Так Ёсио оказался на улице: оставшись сиротой, он больше не мог оплачивать съёмную комнатушку, в которой они с матерью ютились после гибели отца. Ему приходилось воровать, чтобы не умереть от голода. Приходилось драться с такими же отщепенцами, каким стал и он сам, чтобы не прирезали ночью, чтобы не отобрали с таким трудом заработанные медные сэны.

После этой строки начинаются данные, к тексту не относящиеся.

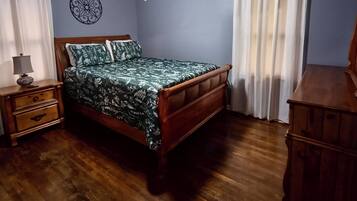 4 chambres, fer et planche Ă repasser, Wi-Fi, draps fournis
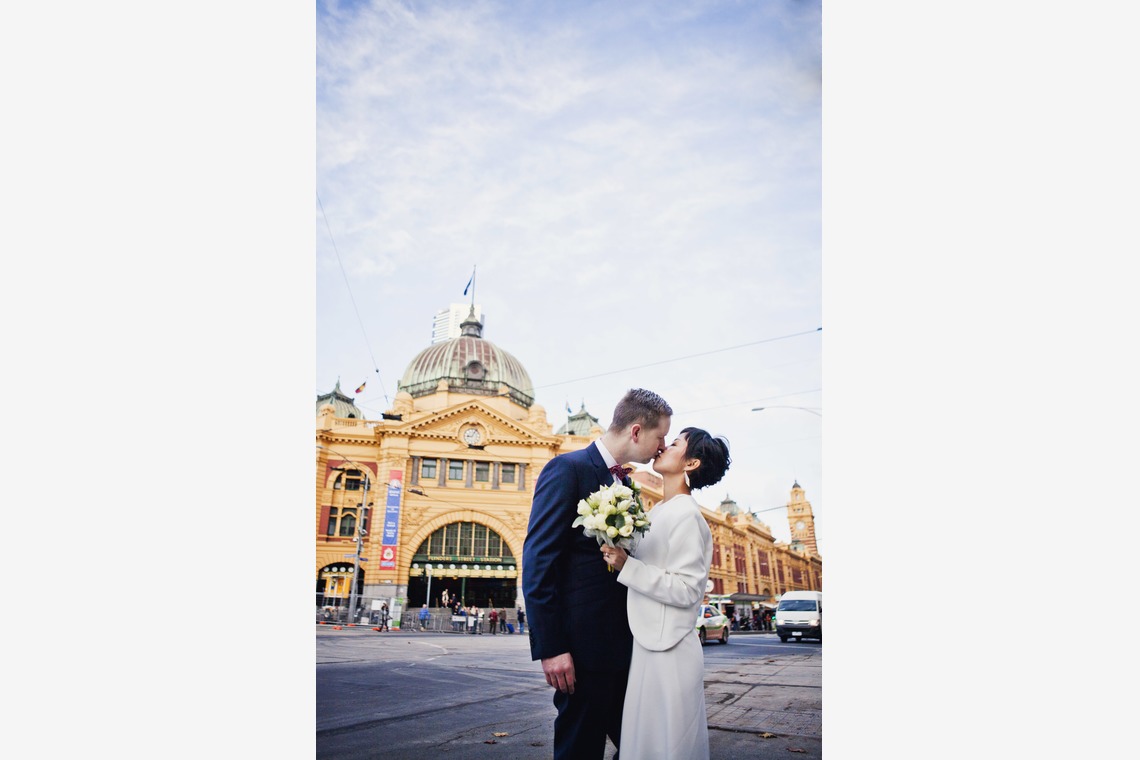 Rina Smile Photography（Rina Kakioka Kusters）が撮影した写真のアルバム「海外ウェディングメルボルン＠CBD, Melbourne」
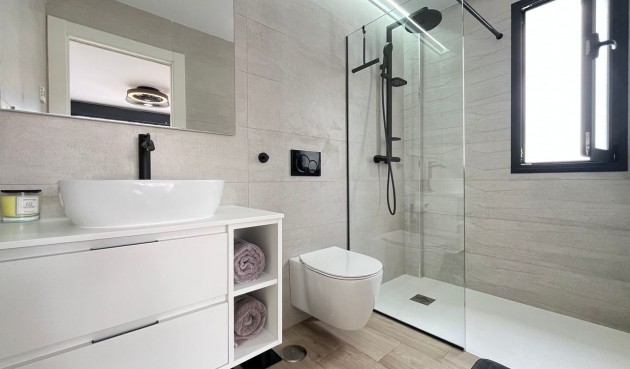 Resale - Villa -
Playa Flamenca - Costa Blanca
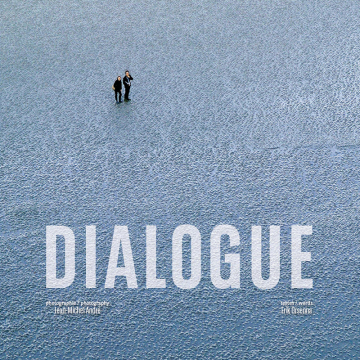 Couverture du livre Dialogue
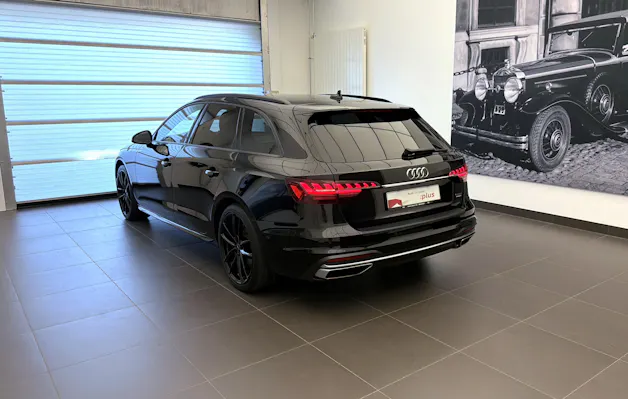 AUDI A4 Avant 40 TDI advanced Attraction quattro S-tronic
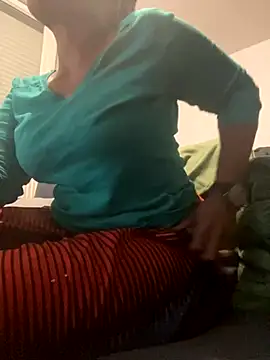 Snapshot of douceebene chatting on October 24, 2025, 5:31 pm douceebene online show from October 24, 2025, 5:31 pm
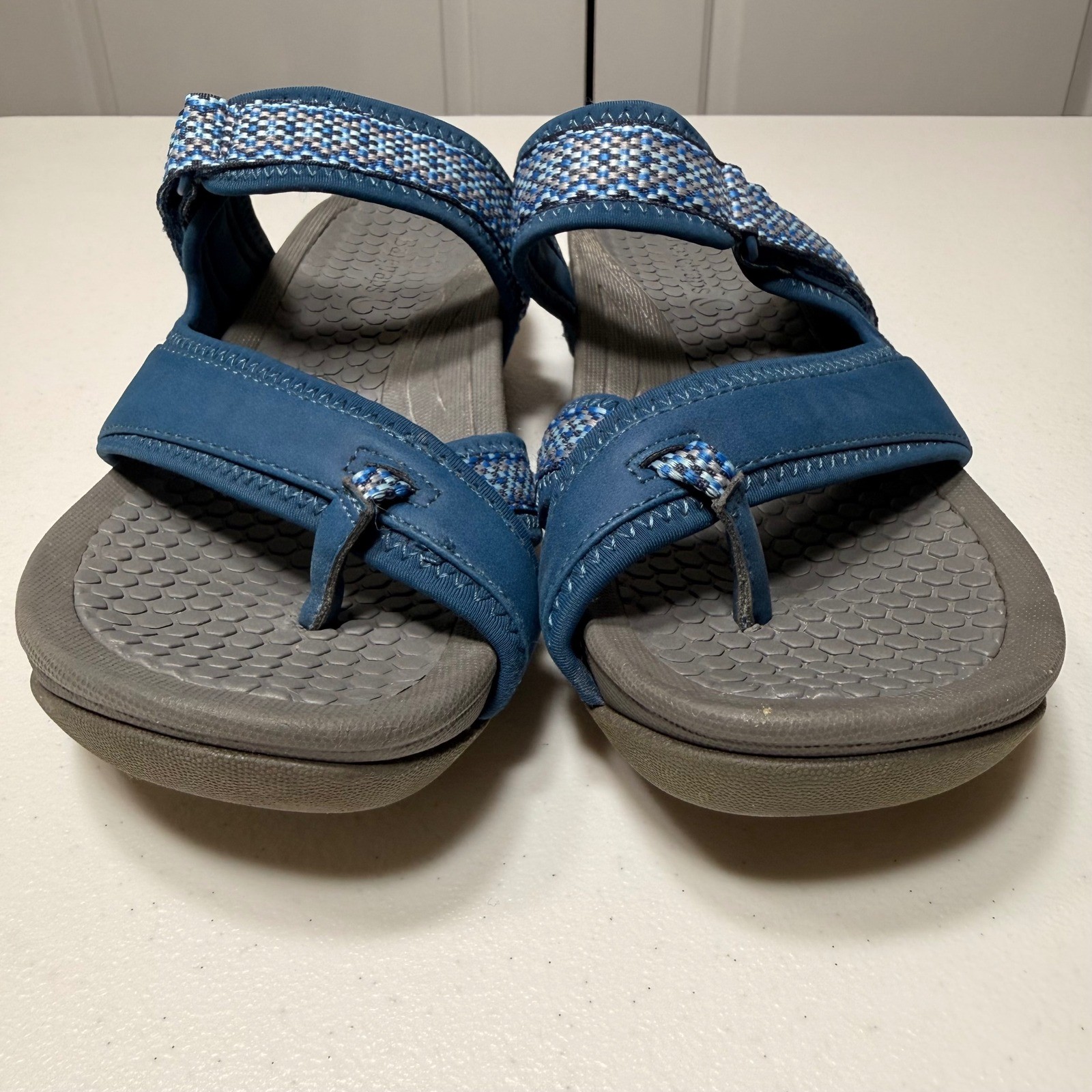 Baretraps Denni Blue Sporty Comfort Walking Sandals Adjustable Straps Size 8.5M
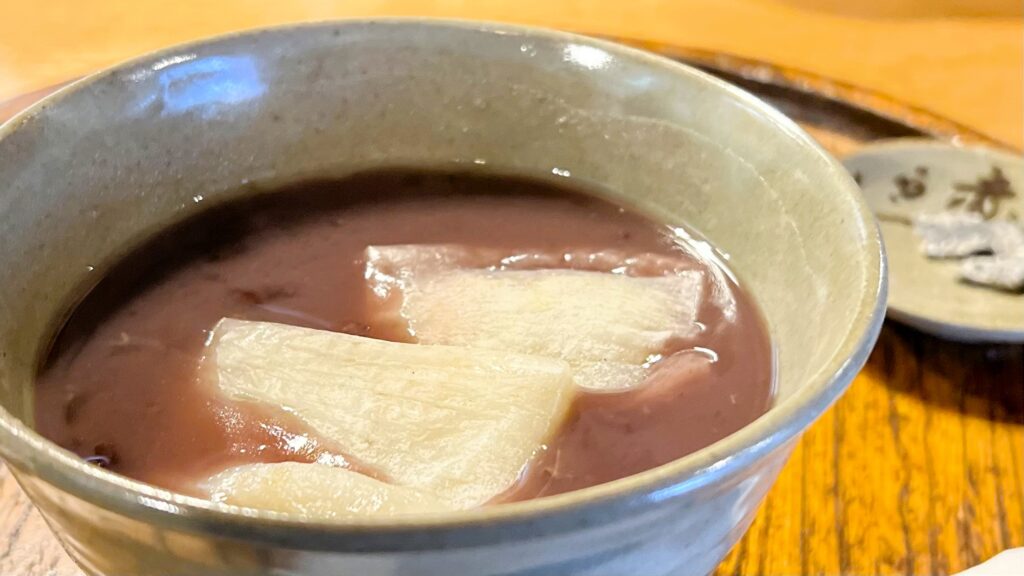 赤福_お餅がはいった「赤福ぜんざい」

Иначе было нельзя. Иначе было не выжить.
Но Ёсио не был бы сыном своего отца, если бы не начал искать тех самых воров, которые разрушили всю его жизнь. Ёсио не раз гадал, как могли бы сложиться их с матерью судьбы, останься отец в живых. Наверняка матушка не слегла бы с хворобой, ведь ей не пришлось бы целыми днями работать. Ёсио продолжил бы ходить в школу — ему там нравилось, он уже даже успел подружиться с парой ребят…
Ёсио часто представлял, как встретит убийц своего отца. Он ни разу не видел этих людей и даже не знал их имён, но отчего-то не сомневался — чутьё непременно подскажет ему, кто на самом деле перед ним. До той поры оно ни разу его не подводило.
Но в ту ночь, когда Ёсио впервые встретил якудза из клана Аосаки, чутьё предательски молчало.
Ёсио хорошо помнил ту опьяняющую радость, когда сам Итиро Хаяси заметил его. Тогда в Ганрю не было игорного дома, и картёжники собирались в порту. Устраивались на перевёрнутых ящиках и раскладывали карты прямо на бочках с солёной рыбой. Для Ёсио в ту пору игра в карты была основным источником заработка на протяжении многих месяцев. О грязном мальчишке со счастливой рукой по всему городу ходили легенды.